**DIRECTIONS FOR THIS TASK**. Pictures stay out. Everything else in the listing below gets written out exactly.

**RECORDED DATA**.
━━━━━━━━━━

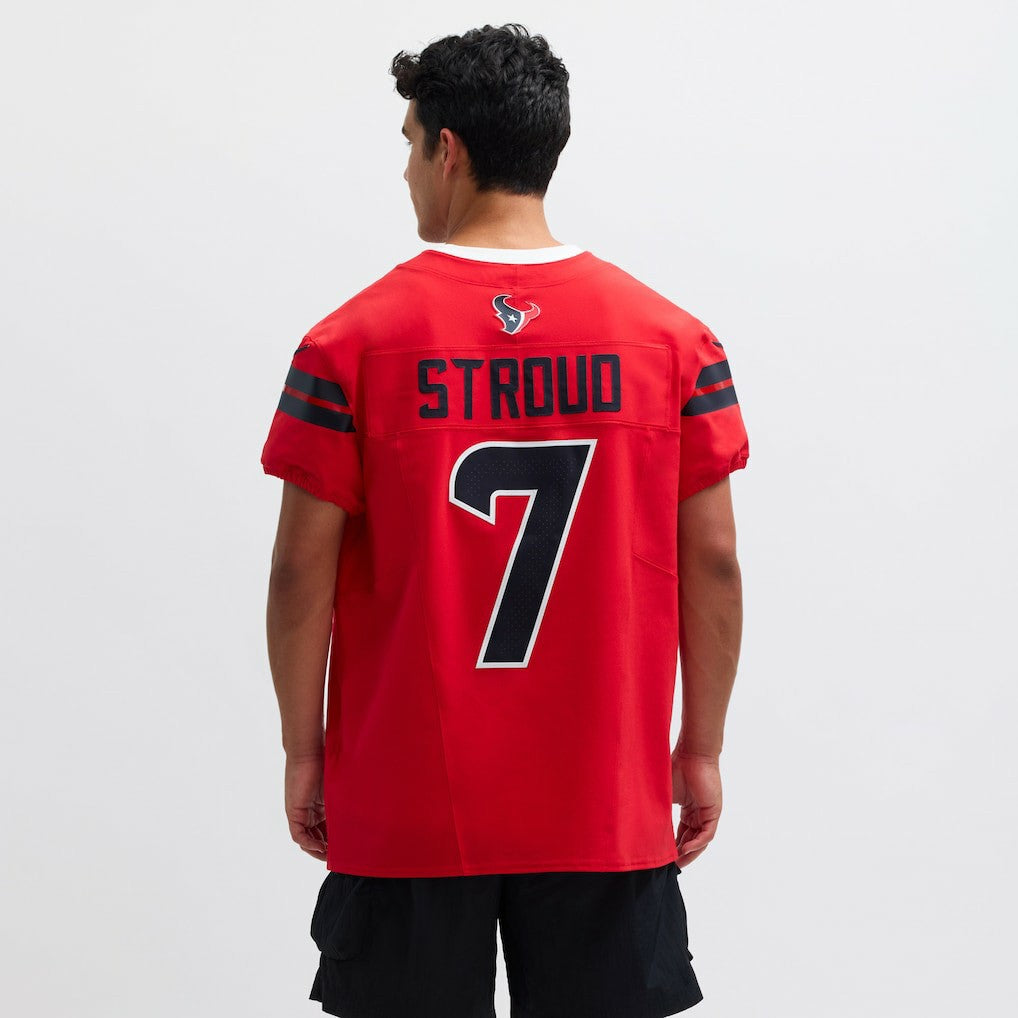 C.J. Stroud Houston Texans Alternate Vapor F.U.S.E. Elite Jersey - Red - Nike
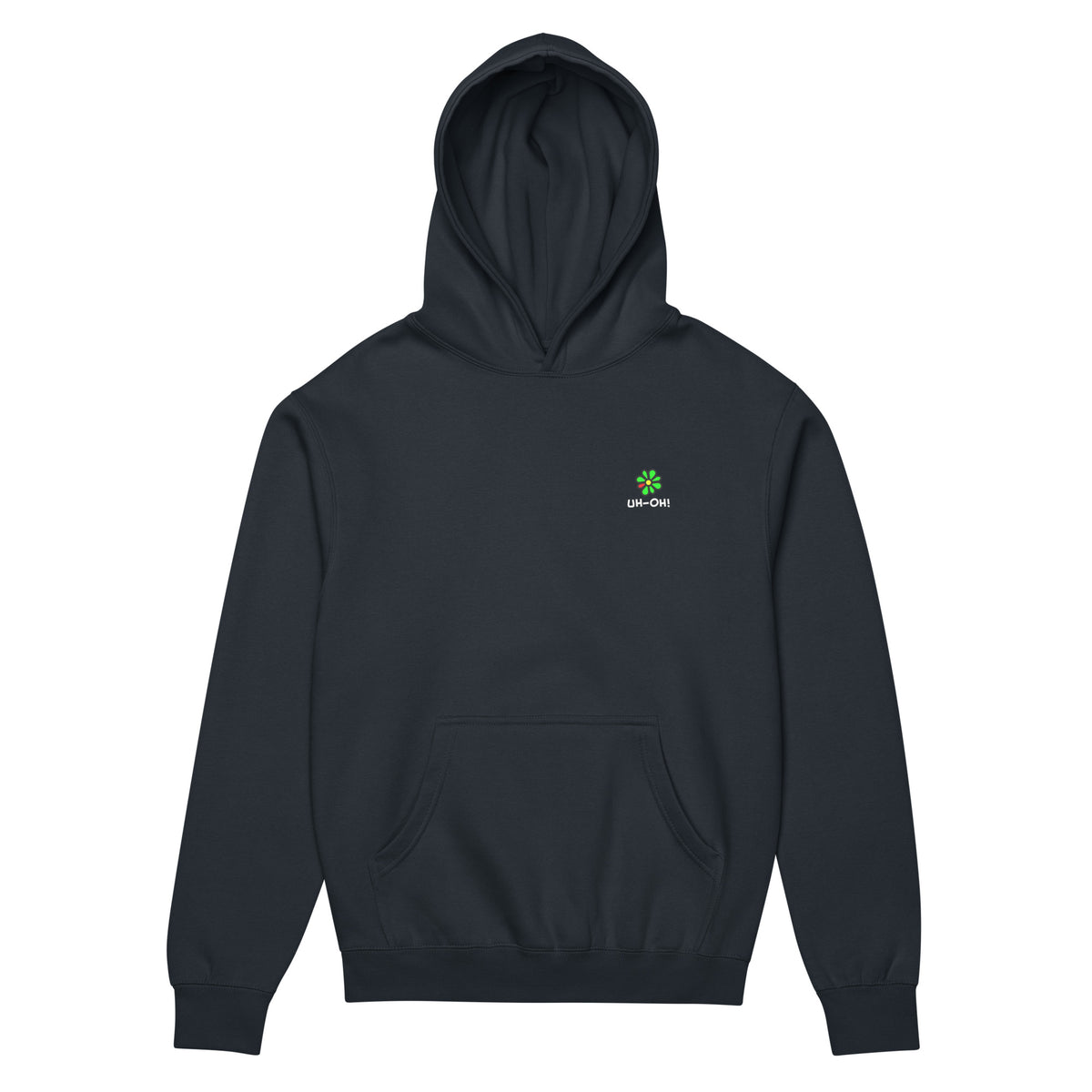 ICQ Uh-Oh Error Tee - Men’s box hoodie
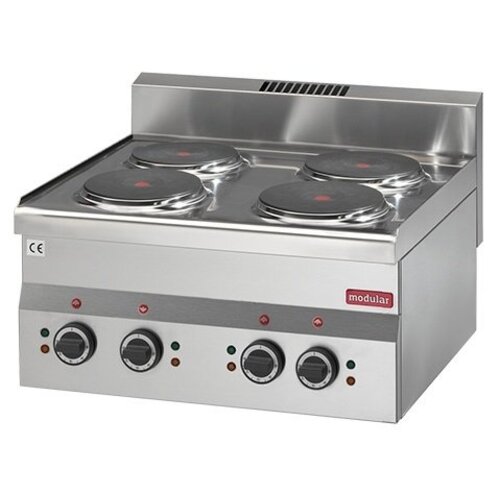 Modular Réchaud Électrique 600 Modulaire | 6 kW | 4 Brûleurs | 6000 Watt Modular Réchaud Électrique 600 Modulaire | 6 kW | 4 Brûleurs | 6000 Watt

━━━━━━━━━━

**ANSWER SPACE**.
 C.J. Stroud Houston Texans Alternate Vapor F.U.S.E. Elite Jersey - Red - Nike
 ICQ Uh-Oh Error Tee - Men’s box hoodie
 Modular Réchaud Électrique 600 Modulaire | 6 kW | 4 Brûleurs | 6000 Watt Modular Réchaud Électrique 600 Modulaire | 6 kW | 4 Brûleurs | 6000 Watt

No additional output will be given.